8. Following these observations, let students know they will now be designing their own investigation to help answer some of their questions. Have a discussion with students about what constitutes a fair test and variables (as this should be prior knowledge). If students struggle, you can prompt them with one or more of the following questions or statements:
   • If we want to know if something has had an effect, what would be a fair test?
   • Why should we test only one thing at a time?
   • Are there aspects of a test that don’t change? Why is it important to have those?
   • When students begin describing the parts of the investigation that “we” manipulate, confirm that these are called independent variables.
   • When students describe things that change because of that manipulation, confirm. that these are called dependent variables.
   • When students describe something we would keep constant, confirm that this is a control.
9. Distribute 8.5.H1: Motor Apparatus and materials to students. Ask students for their ideas about motors–why we need them, why we test them, and how testing motors can help us explain why the white shark attacked REMUS.
   1. Ask student groups to come up with four different variables to test for the motor apparatus. Here are some of the variables that students might elect to test:
      • Number of turns
      • Diameter of the turns
      • Strength of the magnets
      • Distance the magnet is away from the coiled wire
      • Gauge of the wire
      • Strength of the battery (This might require changing the apparatus to accommodate the new battery)

   TEACHER NOTE

   The following variables would be more suited to highly motivated students as they are either not as directly observable or require a more sophisticated understanding of the variable as to how it is effecting change; diameter of the turns and gauge of the wire.

   2. Once students have established what they would like to test and begun planning their investigation, ask them to record the following in their Science Notebook. Consider allowing students who need literacy support to work in pairs; later you can make a copy of the work completed for the other student to add to their Science Notebook.
      • What question of theirs are they testing? (This doesn’t necessarily need to be a formal research question; it may simply be a question that emerged in the discussion above that the group would like to test.)
      • Explain their test; give a brief description of what they will do.
      • List variable(s) (independent and dependent) and control(s).
      • Specify the type of data they will measure and how.
      • Make a prediction of what they think will happen (with rationale).
      • Record observations. (How will they record observations/data?)

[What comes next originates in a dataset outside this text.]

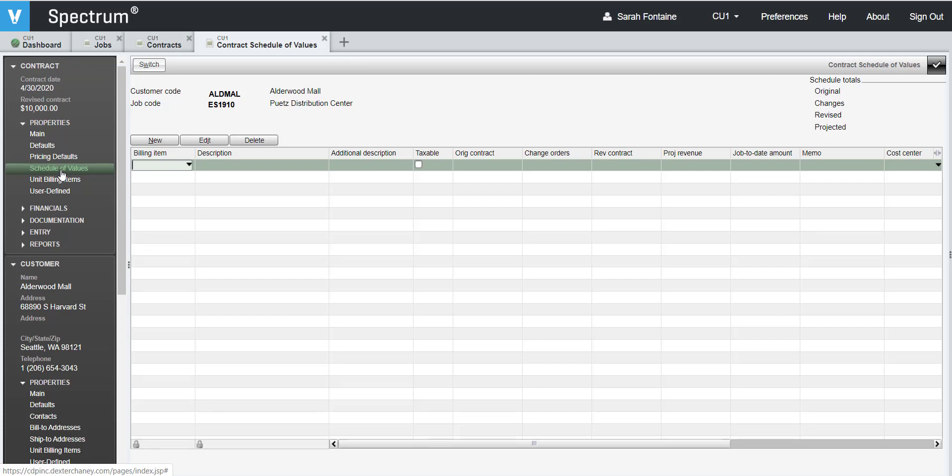When you are setting up your billing item numbers, it is very important that you structure the billing item numbers so that all numbers share the same total number length so that the items sort correctly, both in Spectrum and on the draw request documentation.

      Students can collaboratively discuss, but each should maintain their own record of the plan in their Science Notebook, in addition, students are realistically doing several tests; this is intended to be a “rough” plan in their Science Notebook to track what they are doing and what they observe.

      Encourage highly motivated students to develop even more tests.

   3. Once groups have recorded their plan, allow access to materials to begin testing their plan. Instruct students to record their findings in their Science Notebook.
   4. After groups have done their investigations and had time to make meaning in their Science Notebook (via small models and/or notes), have a class conversation about how the two magnetic fields were interacting. Depending on the types of investigations that students conducted, some of the questions generated might sound like the following:
      • Were the magnetic fields attracting or repelling? What is your evidence?
      • What caused the motor to spin slower/faster?
      • How do you think this compares to the motor in REMUS?
   5. Ask students to record any aha moments about magnetic fields in their Science Notebook and what phenomena they could predict using the cause and effect relationship they just discovered. Inform students that this will be used for sticky note feedback (as described in Lesson 8.2: Fossil Evidences).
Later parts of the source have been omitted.